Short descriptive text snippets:
_____

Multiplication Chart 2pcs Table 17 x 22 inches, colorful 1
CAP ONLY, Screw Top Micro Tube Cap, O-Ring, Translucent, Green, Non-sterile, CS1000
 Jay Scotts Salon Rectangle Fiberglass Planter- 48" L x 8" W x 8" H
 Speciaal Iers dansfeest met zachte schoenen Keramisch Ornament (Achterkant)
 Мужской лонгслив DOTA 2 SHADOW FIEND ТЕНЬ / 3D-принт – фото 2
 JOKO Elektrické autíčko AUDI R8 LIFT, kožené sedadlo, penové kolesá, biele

_____

### Work instructions
The response should consist of the entries above, retyped exactly.

### Output for this task
Multiplication Chart 2pcs Table 17 x 22 inches, colorful 1
CAP ONLY, Screw Top Micro Tube Cap, O-Ring, Translucent, Green, Non-sterile, CS1000
 Jay Scotts Salon Rectangle Fiberglass Planter- 48" L x 8" W x 8" H
 Speciaal Iers dansfeest met zachte schoenen Keramisch Ornament (Achterkant)
 Мужской лонгслив DOTA 2 SHADOW FIEND ТЕНЬ / 3D-принт – фото 2
 JOKO Elektrické autíčko AUDI R8 LIFT, kožené sedadlo, penové kolesá, biele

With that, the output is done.